**What you are asked to do**:
From the line containing "میز تحریر و کامپیوتر" to the last line of the data below, copy everything exactly and nothing else; pictures stay out.

**Source material**:
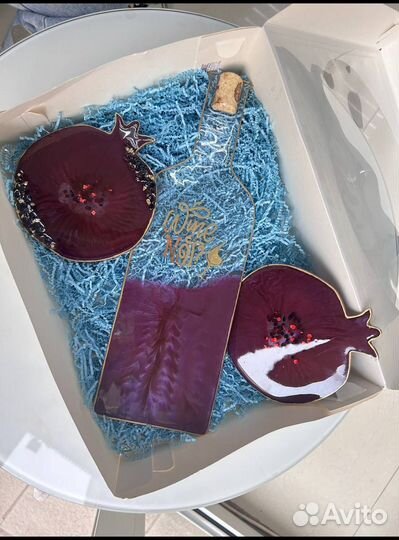 Сервировочная тарелка и подставки для подачи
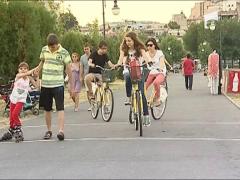 Parcul Izvor, invadat de sute biciclisti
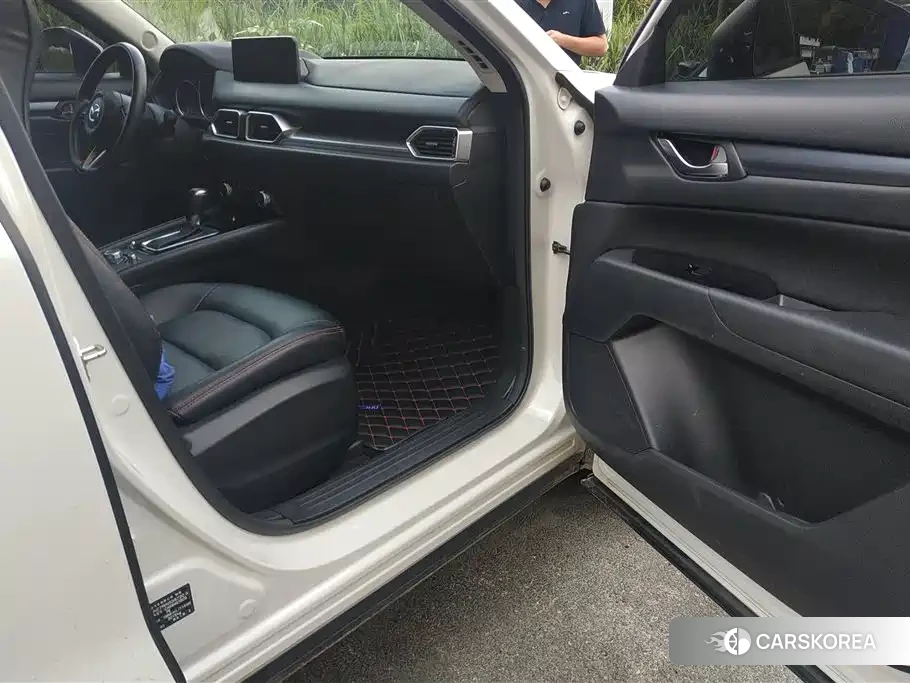 Mazda CX-5 2024 Белый из Китая, фото 2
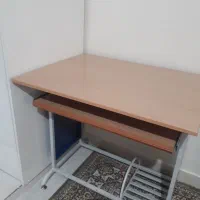 میز تحریر و کامپیوتر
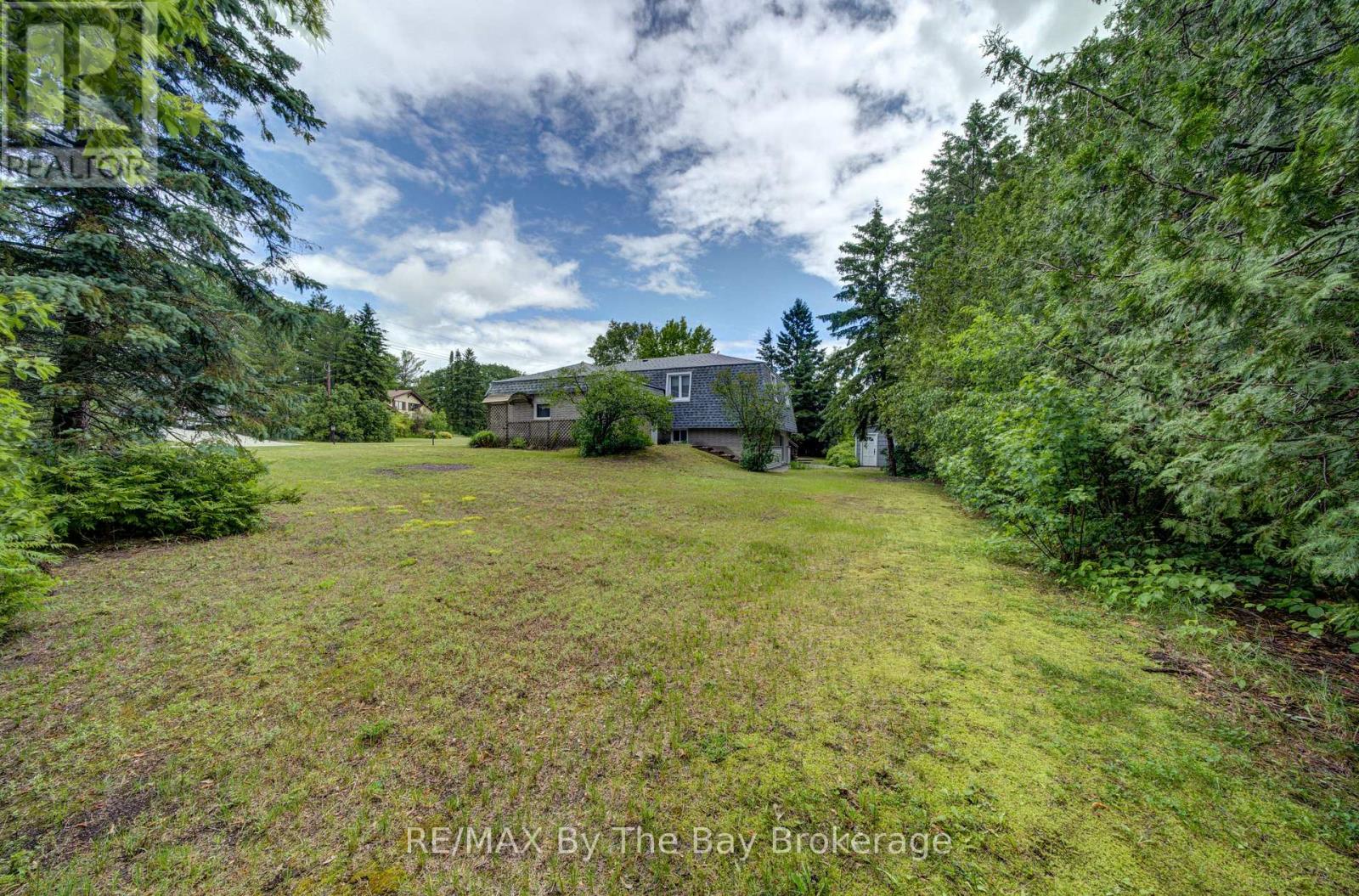 93 Frederick Dr S/s Drive, Wasaga Beach, Ontario  L9Z 1P1 - Photo 37 - S13470596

**Reply**:
 میز تحریر و کامپیوتر
 93 Frederick Dr S/s Drive, Wasaga Beach, Ontario  L9Z 1P1 - Photo 37 - S13470596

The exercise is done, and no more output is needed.